**TO DO**
Here the job is to print only the lines from the one containing "Шрус внутренний (граната)" to the end of the entries, both included, exactly as they stand, with pictures excluded.

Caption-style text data
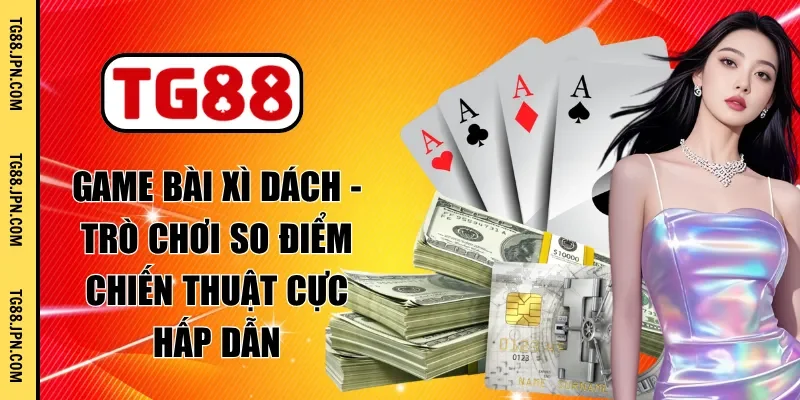 game bài xì dách
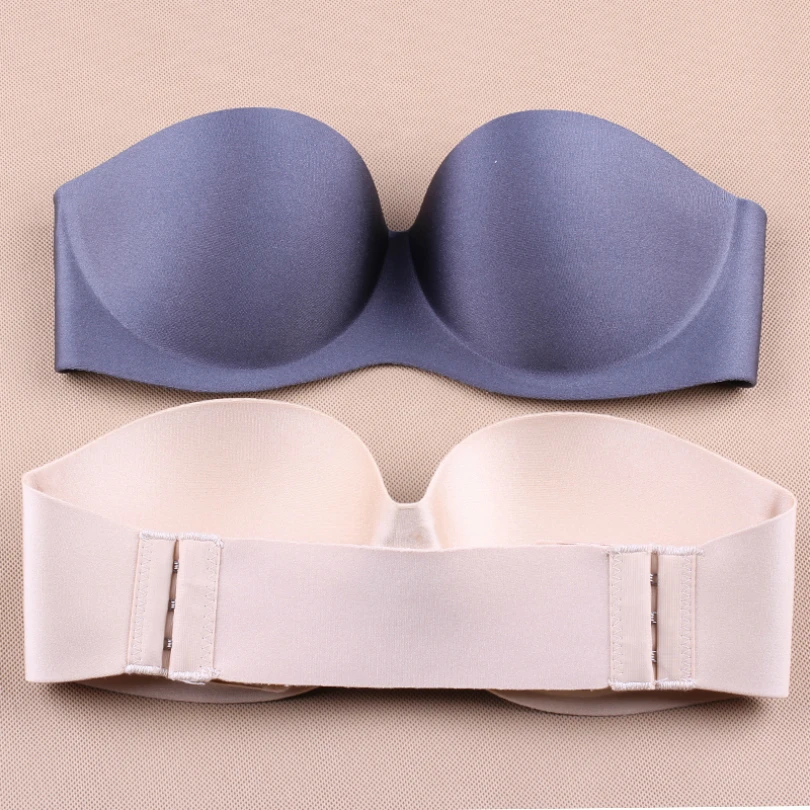 Sexy Bras For Women Big Size Super Push Up Bra Underwear Gather 1/2 Cup Women Double Push Up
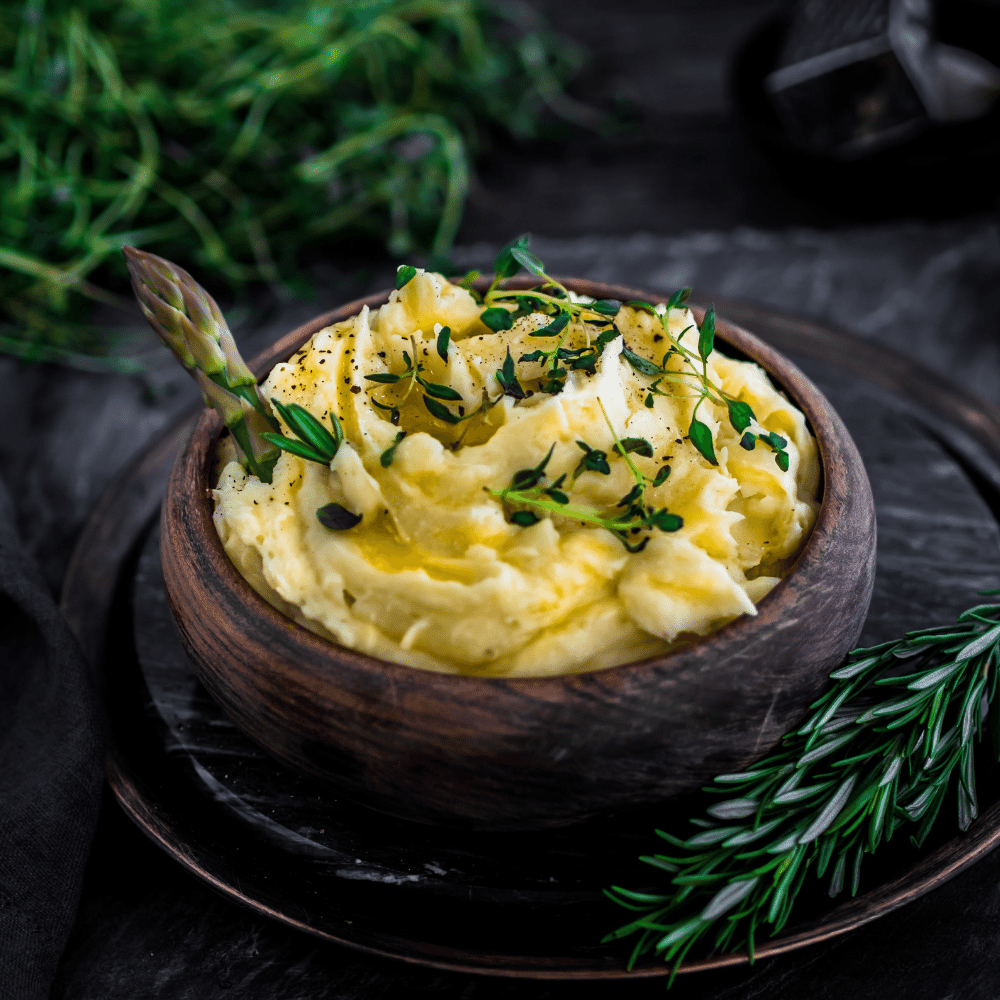 Starchy Sides that Go with Swedish Meatballs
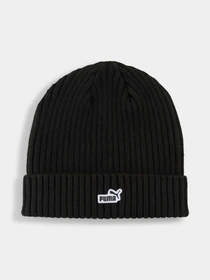 Шапки и кепки PUMA Ess Patch Mid Crown Beanie модель 026417 Фото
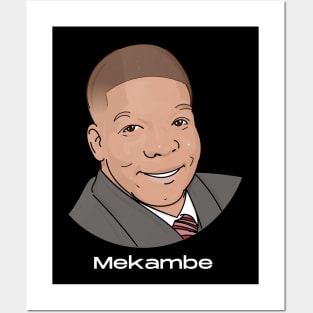 Kylian Mbappe Makembe graphic Posters and Art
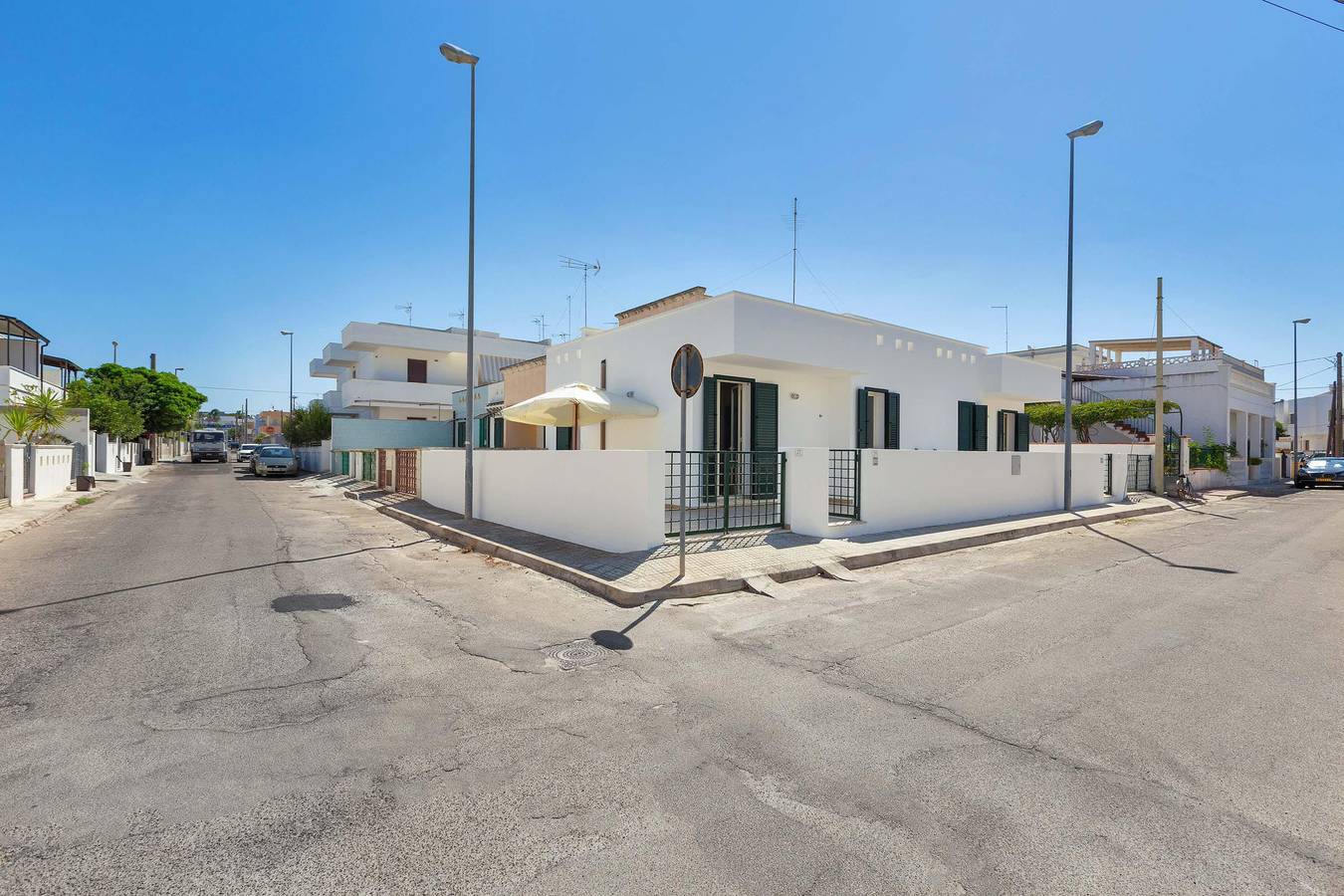 Ganze Wohnung, Appartamento Rosetta by Barbarhouse in Lido Marini, Golf von Tarent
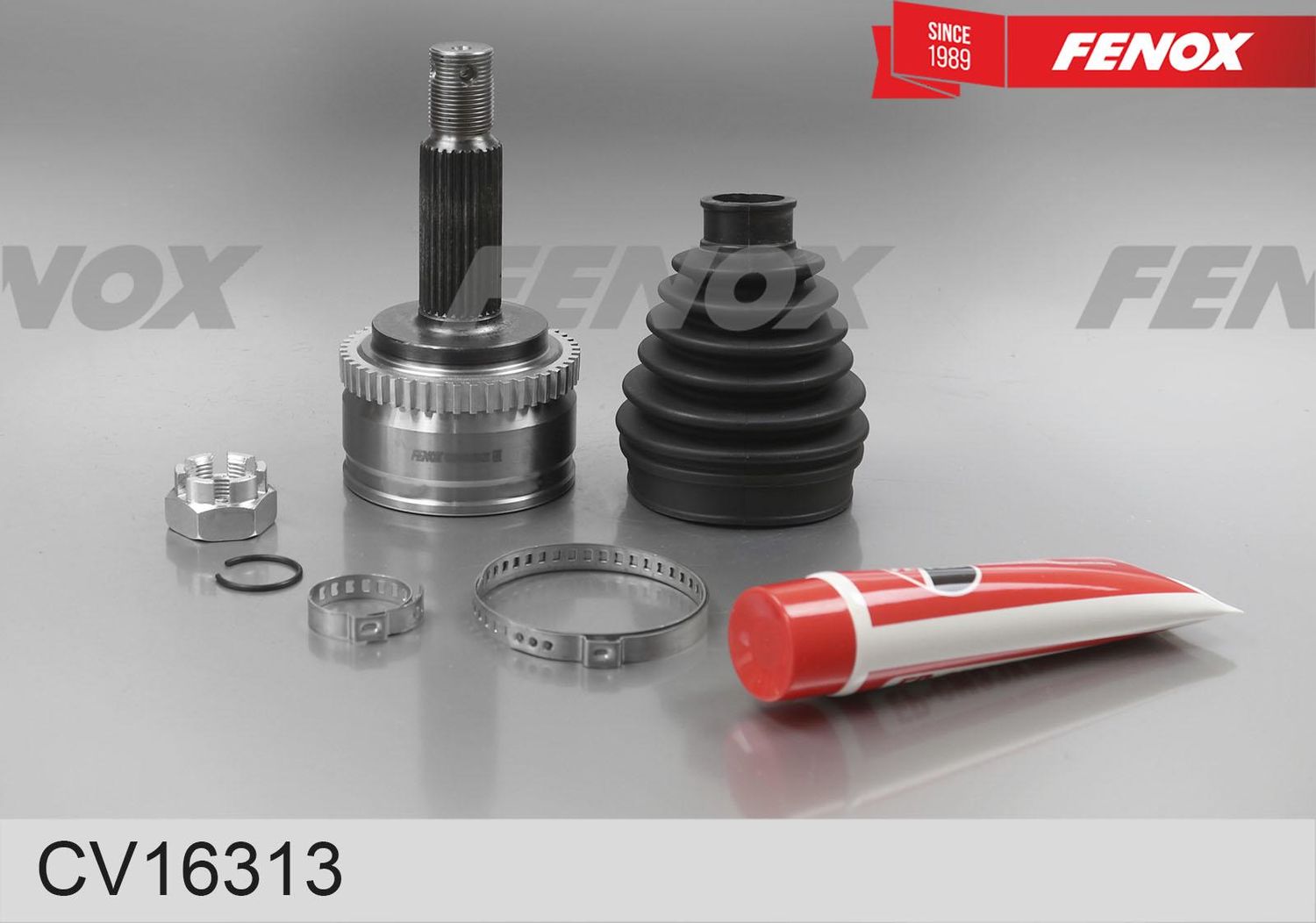 Шрус внутренний (граната) Fenox. Артикул CV16313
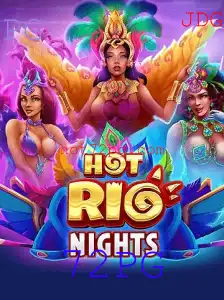 Explore o Mundo Vibrante de HotRioNights: Um Jogo que Une Estratégia e Aventura
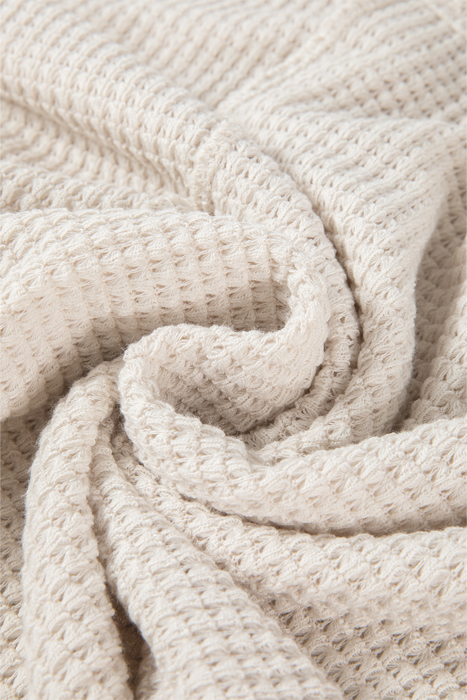 Anaiah Batwing Sleeve Oversized Top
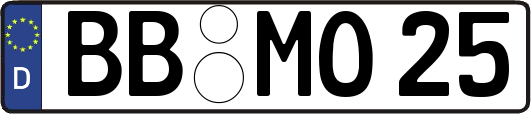 BB-MO25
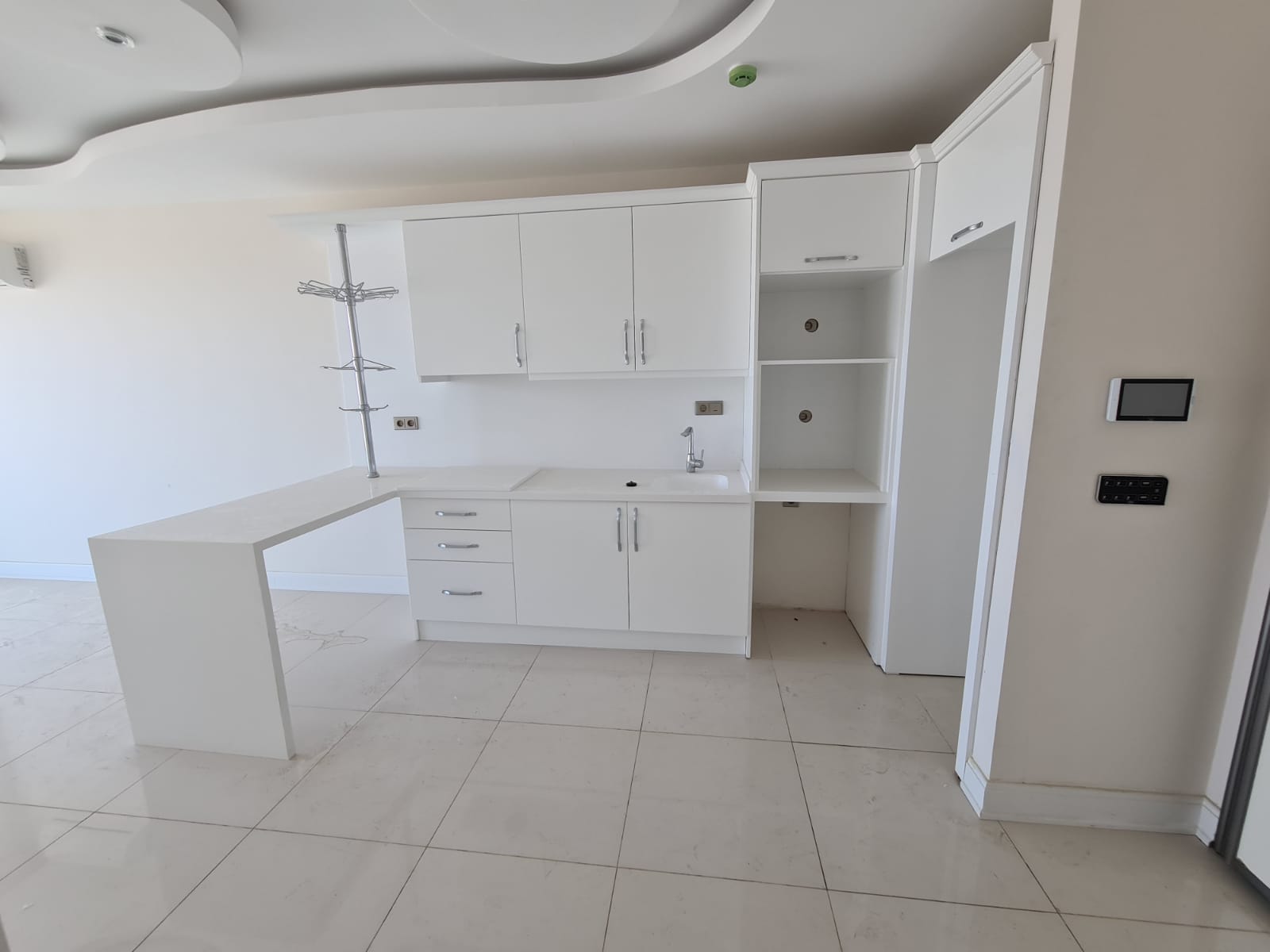 Двухкомнатная квартира с видом на море, 60 м2 фото 12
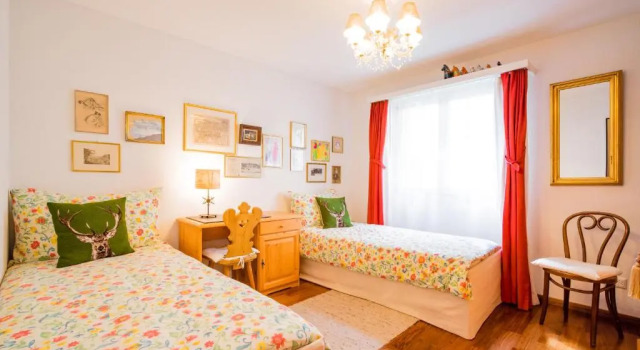 Chesa Murmina No. 1, Rezervați Hotel Zuoz 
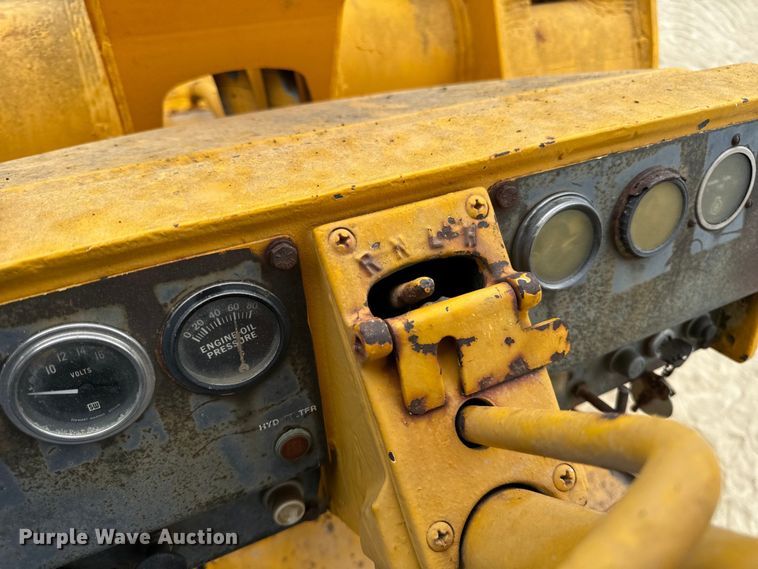 image for item OG9626 John Deere  544C wheel loader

**RESPONSE**
 Шрус внутренний (граната) Fenox. Артикул CV16313
 Explore o Mundo Vibrante de HotRioNights: Um Jogo que Une Estratégia e Aventura
 Anaiah Batwing Sleeve Oversized Top
 BB-MO25
 Двухкомнатная квартира с видом на море, 60 м2 фото 12
 Chesa Murmina No. 1, Rezervați Hotel Zuoz 
 image for item OG9626 John Deere  544C wheel loader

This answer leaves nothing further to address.